Here are some general recommendations for conventions:
- Identify the scope of a variable in its name: A global variable can be prefaced with v_, for example.
- Use a prefix or suffix to identify the types of structures being defined: Consider, for example, declarations of cursors. A standard approach to declaring such a structure is _csr. Cursors are quite different from variables; you should be able to identify the difference with a glance.
- Use a readable format for your names: Since the stored program language isn't case sensitive, the "camel notation" (as in minBalanceRequired), for example, is probably not a good choice for constructing names. Instead, use separators such as _ (underscore) to improve readability (as in min_balance_required). While MySQL allows names to be extremely long (compared with other databases and/or languages), keep them short, as well as readable.
- Consider portability: If you ever want to port your code to an alternate RDBMS (perish the thought!) you should consider adopting a naming convention that will work across RDBMS types. You can find a summary of the conventions for the "other" databases at http://www.dbazine.com/db2/db2-disarticles/gulutzan5.
It isn't possible to provide a comprehensive list of naming conventions in this book. The particular conventions you choose, furthermore, aren't nearly as important as the fact that you set some standard for naming conventions.
STYL-03: Self-document using block and loop labels |
While block and loop labels are often necessary to allow for variable scoping or as targets for LEAVE or ITERATE statements, they can also be a big help in improving the readability of code.
Use a label directly in front of loops and nested blocks:
- To name that portion of code and thereby self-document what it's doing
- So that you can repeat that name with the END statement of that block or loop
- To provide a target for a LEAVE or ITERATE statement
This recommendation is especially important when you have multiple nestings of loops (and possibly inconsistent indentation), as in the following:
WHILE condition DO some code WHILE condition DO some code END WHILE; some code END WHILE;
Example
In this example we use labels for a block and two nested loops, and then apply them in the appropriate END statements. We can now easily see which loop and block are ending, no matter how badly the code is indented!
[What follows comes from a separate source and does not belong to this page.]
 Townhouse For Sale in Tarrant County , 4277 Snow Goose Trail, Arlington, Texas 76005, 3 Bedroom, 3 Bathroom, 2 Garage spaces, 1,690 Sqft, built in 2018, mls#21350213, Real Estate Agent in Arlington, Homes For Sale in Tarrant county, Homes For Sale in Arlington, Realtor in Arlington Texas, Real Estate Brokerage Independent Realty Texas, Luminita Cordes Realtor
CREATE PROCEDURE display_book_usage( ) READS SQL DATA BEGIN DECLARE v_month INT; DECLARE v_x INT; DECLARE yearly_analysis_csr CURSOR FOR SELECT ...; DECLARE monthly_analysis_csr CURSOR FOR SELECT ...; OPEN yearly_analysis_csr; yearly_analysis: LOOP FETCH yearly_analysis_csr INTO v_month; OPEN monthly_analysis_csr; monthly_analysis: LOOP FETCH monthly_analysis_csr INTO v_x; ... Lots of monthly analysis code ... END LOOP monthly_analysis; ...Lots of yearly analysis code END LOOP yearly_analysis;
Benefits
If you use labels, it's much easier to read your code, especially if it contains loops and nested blocks that have long bodies (i.e., the loop starts on page 2 and ends on page 7, with three other loops inside that outer loopnot that we recommend this!).
STYL-04: Express complex expressions unambiguously using parentheses |
The rules of operator precedence in the MySQL stored program language follow the commonly accepted precedence of algebraic operators. The rules of precedence often make many parentheses unnecessary. When an uncommon combination of operators occurs, however, it may be helpful to add parentheses even when the precedence rules apply.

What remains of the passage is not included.